To understand “DOGTOWN—IV,” we must first meet Typhon.
He appears late in Hesiod’s Theogony, a fiery final opponent, son of Earth (Gaia) and Tartarus, “conceived in an act of love” between matter and abyss. Hesiod calls him a “fearful dragon,” a hundred-headed monstrosity whose eyes flash flame, whose tongues flicker, whose voices shift wildly — sometimes intelligible, sometimes bull-roared, lion-lunged, or hissed in storm.
Typhon, in other words, is not a symbol. He is a polyvocal event. An insurgency of sound. A figure of ontological excess.
“And there were voices in all his dreadful heads which uttered every kind of sound unspeakable,” writes Hesiod; “for at one time they made sounds such that the gods understood, but at another, the noise of a bull bellowing in proud, ungovernable fury… and again, at another, he would hiss, so that the high mountains re-echoed.”
(Theogony, trans. Evelyn-White)
Typhon threatens not merely Olympus, but the very idea of divine order. He is chaos not as absence but as pluripotent potential. Fire and breath. Voice and unmaking.
And for Olson — poet of proprioception, initiand of the mushroom — this is the mythic substance most suitable to his altered state.
Let us pause, though, and ask with Olson: Why would Earth love Tartarus?
It’s a strange phrase in Hesiod. “Gaia from her love of Tartarus.” Tartarus is the deepest abyss, a pit beneath all pits.

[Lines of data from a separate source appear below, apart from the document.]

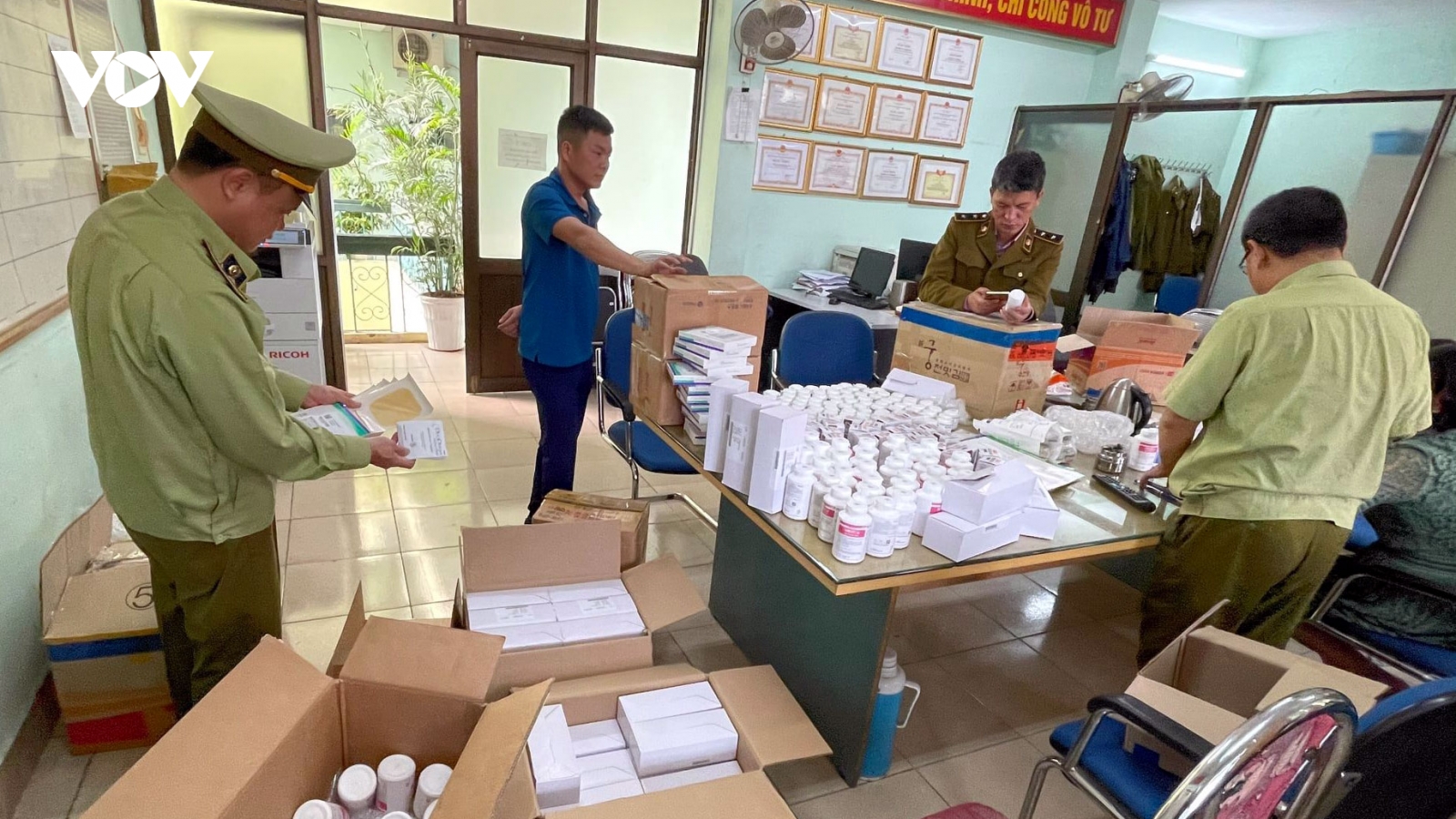 Phát hiện lô dược phẩm lớn thẩm lậu qua đường hàng không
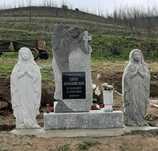 Monumente funerale din mozaic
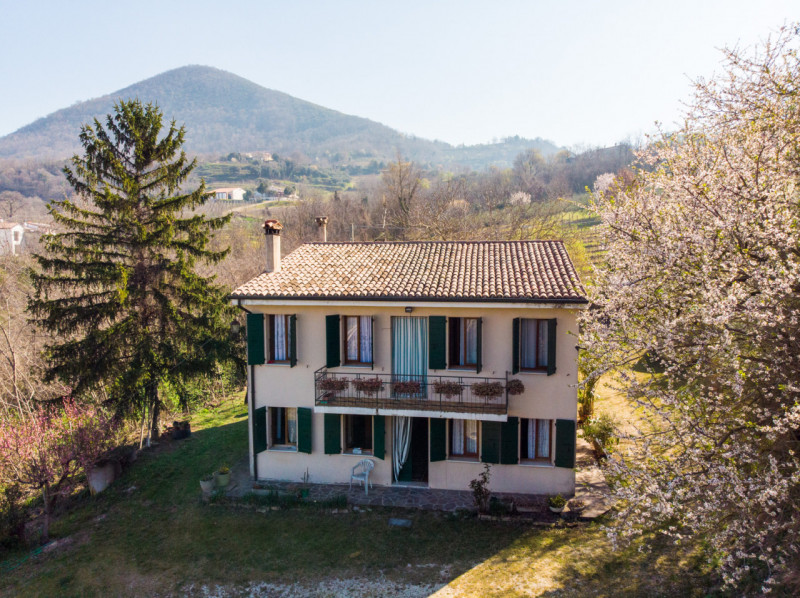 Proponiamo in vendita a Vò, nella tranquilla zona di Cortelà, un'imperdibile abitazione rustica d...
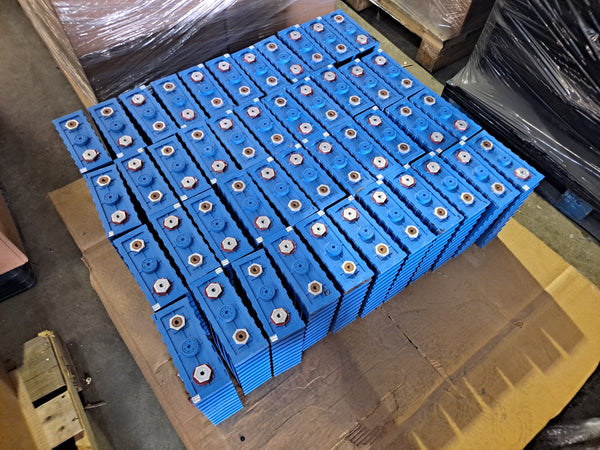 Discharged - CALB PRISMATIC 3.2V 180AH LIFEPO4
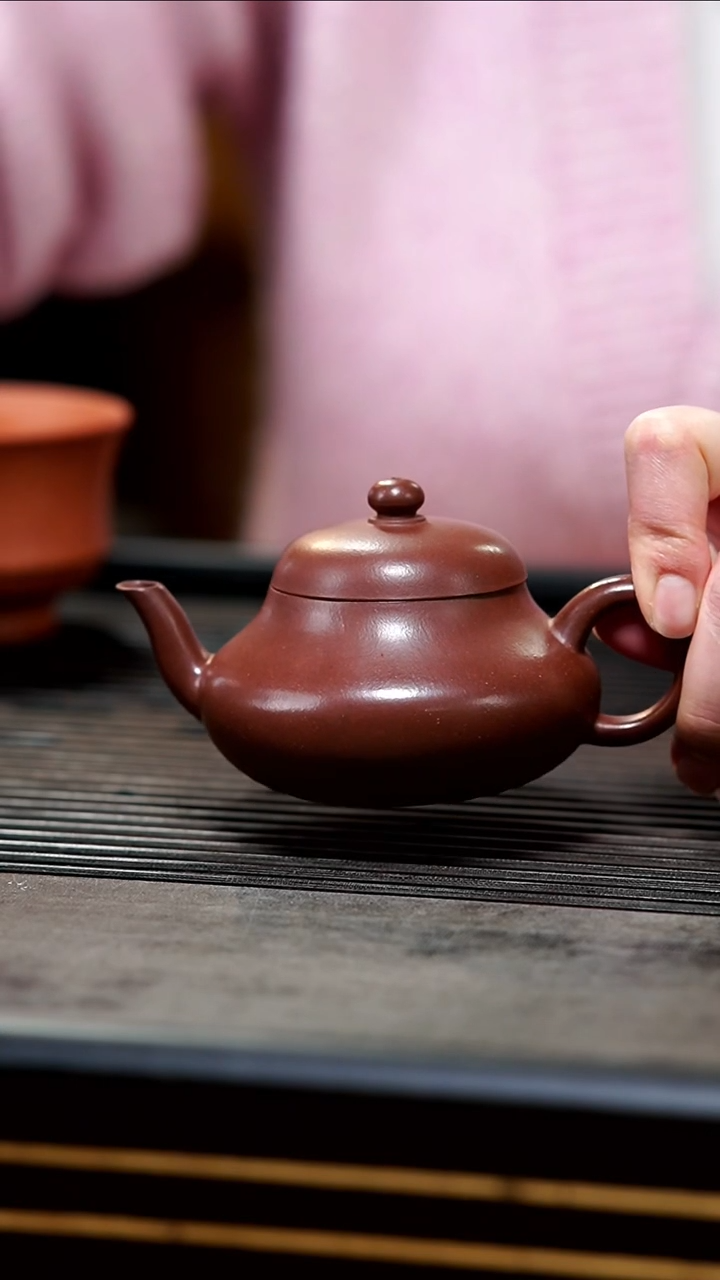【闪购商品】紫砂茶壶05-微瑕半手底槽清君德150cc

The Greeks imagined it not merely as punishment, but as anti-space — the unbounded, unstatistical underside of being. Olson, ever the etymologist of the unconscious, seizes on this.

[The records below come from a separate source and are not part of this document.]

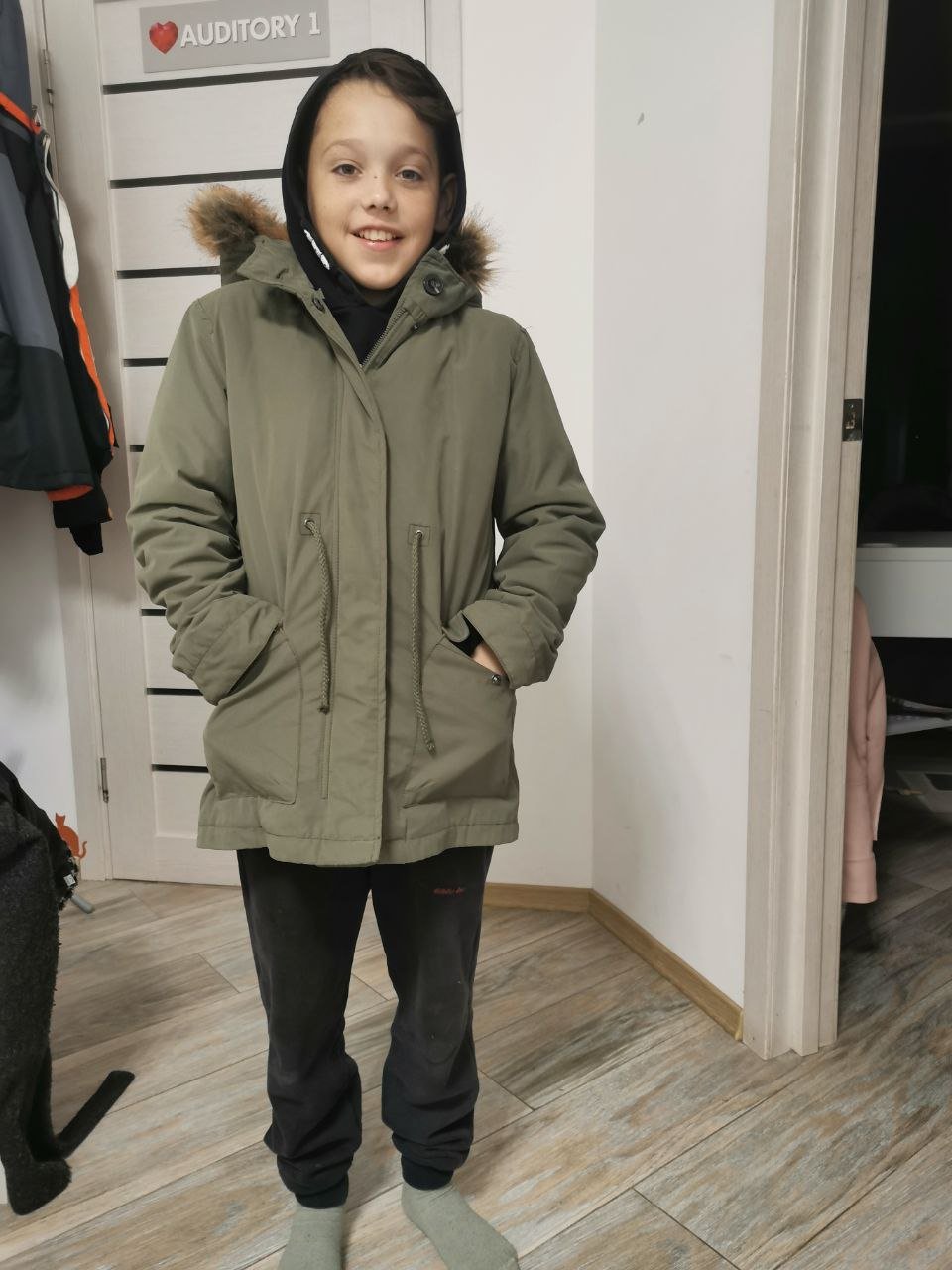 Photo 5341551806020437782 Y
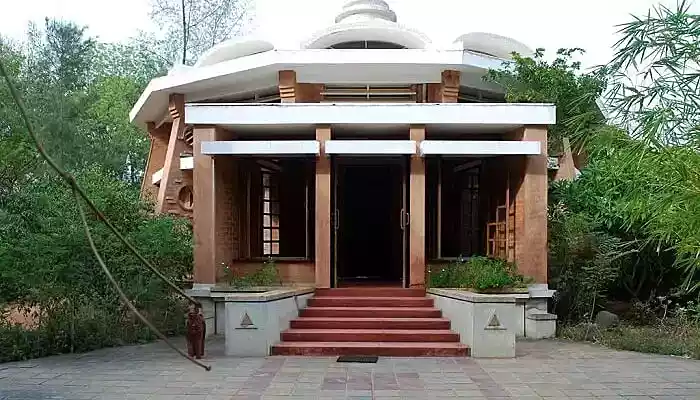 take classes of meditation in the centre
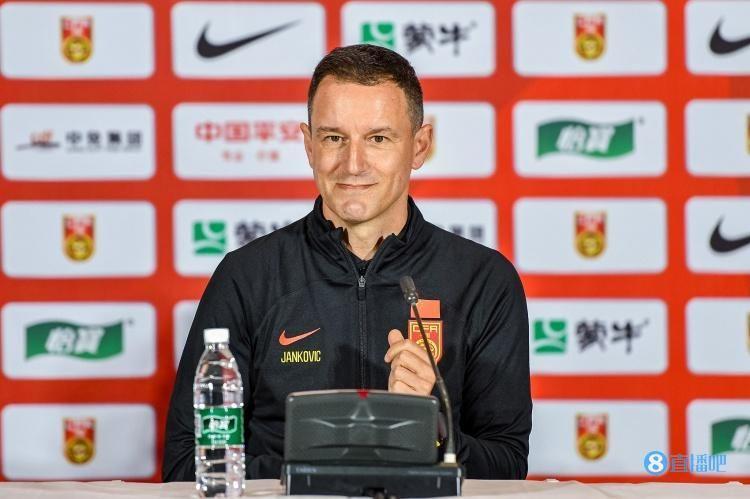 扬科维奇：以最大野心参加亚洲杯 在中国每件事都能在几秒安排好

In “DOGTOWN—IV,” he writes:
“Our father, who is also in / Tartaros chained in being…”
(Maximus IV, ll. 333–334)
This is Olson’s parody of the Lord’s Prayer. But unlike the Christian God above, Olson’s father is below — the primordial pit, the place before measure, the place of hunger, chaos, and unformed form. Tartarus is a womb. An inversion of heaven. And Typhon, its child, is the convulsed birth of multiplicity.
What Olson sees — and what most critics miss — is that Typhon is not simply a villain in this cosmology. He is a challenge. A necessary crisis. A daemon of disruption.
Gary Grieve-Carlson, one of Olson’s most careful readers, insists that Olson admired Hesiod for his “will to cohere” — his vision of cosmos arising out of chaos. But I suspect Olson’s attachment to Hesiod is more ambivalent. He sees in Hesiod both the first cosmology and the first repressions: the moment chaos is narrated as a threat, and order enthroned.
So Olson takes Hesiod’s Theogony and folds it — remixes it. He retains the sequence (Chaos, then Earth, then Tartarus, then Love), but recasts the power dynamics. Typhon becomes not the failed usurper but the dark mirror of Maximus himself: the one who would speak many voices, walk many lands, breathe from the bottom up.
And in choosing this myth to send to The Psychedelic Review, Olson makes his wager clear: the psychedelic does not simply uplift — it ungrounds. It returns us to Tartarus. To the chthonic, the unmetabolized, the monstrous within.
This is why Typhon matters now more than ever. He is climate chaos, algorithmic multiplicity, ecstatic polyphony. He is the real beneath the rational. The daemon of the Anthropocene.
And Olson, emerging from Dogtown with psilocybin still in his system, names him.
Not to celebrate him.
Not to slay him.
But to write with him.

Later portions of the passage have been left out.